One feature of religion, then, is a commitment to aligning our wills and lives to this ethico-religious hope, and cultivating the kinds of mystical experiences that nurture this hope.

I think that if we extract from the religions of the world these elements, it will be hard to blame Valerie Tarico's 12 bad ideas on them. In fact, I think that if we focus on these elements, they provide the basis for challenging such evils. This is one of the things I aimed to show in Is God a Delusion?

But it is also true that real-world religions embody a diversity of features, including our propensity for tribalism and our urgent desire for certainty and easy answers. But blaming religion for these features is itself an instance of falling prey to the desire for easy answers. This is a point that Kate Blanchard makes nicely towards the end of her short piece:
Many of us are willing to ignore the overwhelming evidence that human nature and history are irreducibly complex, in favor of bedtime stories that let us sleep better at night. We blame the worst stuff on religion and dream of a better world without it, as if other factors like land, nationalism, gender, wealth, power, or the desire to be right are unique outgrowths of religiosity. As if heresy, blood sacrifice, glorified suffering, or the desire for eternal life are not equally insidious in their secular incarnations.
The result is the naivete of John Lennon's Imagine. A friend recently shared on Facebook his conversation with his young daughter about this song, in which he went into a detailed account of its oversimplified and naive vision of the human condition...putting her to sleep in the process. But maybe it's the song that should put us to sleep. I kind of like the song. I find it pretty--but pretty in the way that oversimplified bedtime stories are pretty. In fact, Valerie Tarico's list of religion's evils and Lennon's wistful imaginings seem to be different ways of articulating some of the very same ideas.

If so, Kate Blanchard's response is not just a reason to resist oversimplified attacks on religion, but a reason to be suspicious of Lennon's more lyrical naivete.

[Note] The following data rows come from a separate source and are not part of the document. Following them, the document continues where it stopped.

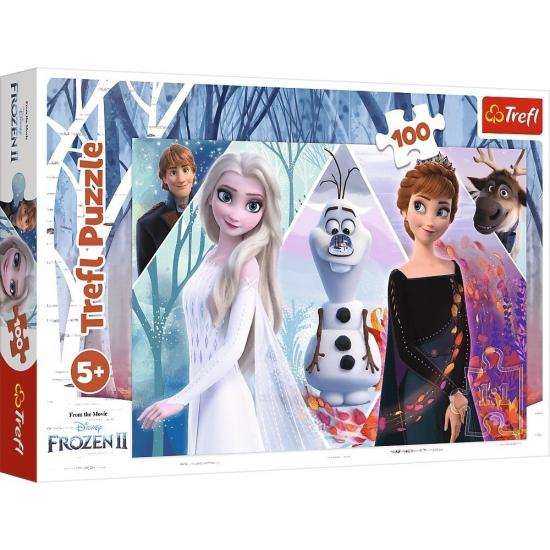 Elsa Frozen II Büyülü Toprak Kutulu Puzzle/Yapboz 100’parça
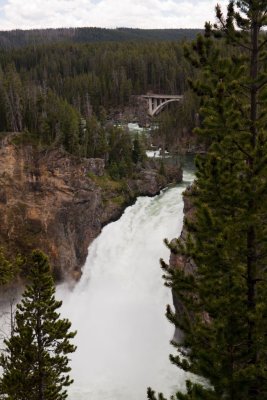 IMG_3651.jpg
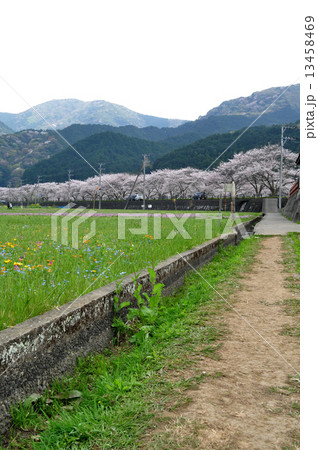 松崎の田んぼをつかった花畑 13458469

If you haven't read Blanchard's piece, it's a quick read and worth clicking over to.

Friday, August 26, 2011

Religion and Essential Contestability: Excerpt from an article

Today in my philosophy of religion class, we discussed the complexity of the term "religion" and the ways in which competing usage leads to misunderstanding and confusion. I talked about religion as a family resemblance concept, and then proposed my theory that in the contemporary "God debates," the concept of "religion" functions (or fails to function) as an "essentially contested concept with a twist."

Some of these ideas will be familiar to regular followers of this blog, since I've discussed them here before (such as the last time the topic came up my my philosophy of religion class). However, since much of the background ideas probably went by quite quickly in class, I decided that I would post on this blog--for my students as well as for anyone else who is interested--the way I described and developed this theory in a a recent article, "Moving the Goalposts? The Challenge of Philosophical Engagement with the Public God Debates," that came out a little while back in  Philo: A Journal of Philosophy. What follows is an excerpt (and may be the penultimate version, since it is what I had on my computer). Those interested in the entire article can find it in Philo vol. 13 (Spring-Summer 2010), pp. 80-93.

In my book I hold that “religion” is a family resemblance term, which makes univocal talk about the merits and demerits of religion difficult. One needs to specify what one is talking about to avoid equivocations leading to false generalizations. A main contention of the book is that the New Atheists fail to do this.


Precisely because I was so explicit about this point up front, the charge that I was “re-defining” religion to make it immune to New Atheist criticisms puzzled me. But then I noticed a pattern. Progressive religious readers of my book had no trouble seeing what I was describing and defending as religion—in fact, their kind. Conservative Christian readers, while unhappy with my failure to defend their religion (and with my heresies), agreed that what I was defending was a species of religion. It was those in the New Atheist community who were apt to accuse me of “re-defining” religion. When I’ve been able to investigate the matter (mainly with my students), I’ve found that those most likely to level this criticism are precisely those who have been most “stung” by oppressively narrow-minded forms of religion (such as those common in the Bible Belt where I teach).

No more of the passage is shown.